XEMS
- Matamoros, Tamaulipas; Mexico;
- Frequency: 1490 AM

Programming
- Format: Silent

Ownership
- Owner: Grupo Radio Avanzado; (Sucesión de Antonio Salvador Gallegos Escalante);
- Sister stations: XHMLS-FM, XHNA-FM, XERDO-AM

History
- First air date: July 25, 1952
- Last air date: March 10, 2021, denial of concession renewal
- Call sign meaning: "Matamoros"

Technical information
- Class: C
- Power: 1,000 watts

= XEMS-AM =

Former radio station in Matamoros, Tamaulipas, Mexico

XEMS-AM was a radio station in Matamoros, Tamaulipas, Mexico, broadcasting to Matamoros and Brownsville, Texas. It broadcast from 1952 to 2021. The last brand that the station carried was Radio Mexicana with a Regional Mexican format.

==History==
XEMS began broadcasting on 1500 kHz in 1952. It soon moved to 1490 kHz.

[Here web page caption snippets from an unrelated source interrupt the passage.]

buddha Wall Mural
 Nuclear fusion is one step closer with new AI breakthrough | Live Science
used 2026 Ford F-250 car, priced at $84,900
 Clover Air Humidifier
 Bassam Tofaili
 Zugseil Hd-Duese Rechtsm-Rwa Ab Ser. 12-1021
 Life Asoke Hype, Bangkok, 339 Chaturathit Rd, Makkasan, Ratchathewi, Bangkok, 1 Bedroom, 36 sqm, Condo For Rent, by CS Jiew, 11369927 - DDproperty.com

On March 10, 2021, the Federal Telecommunications Institute (IFT) denied an application for the renewal of XEMS-AM's concession. The station had failed to pay three of the nine installments of its last renewal, in addition to failure to file two annual reports or pay for its studio–transmitter link frequency. XEMS had been mired in ownership problems which involved the ownership of Antonio Gallegos Escalante's estate among two women with whom he had children.

On January 30, 2026, the company was seized because a judge ruled in favor of the station's former employees for unfair dismissal.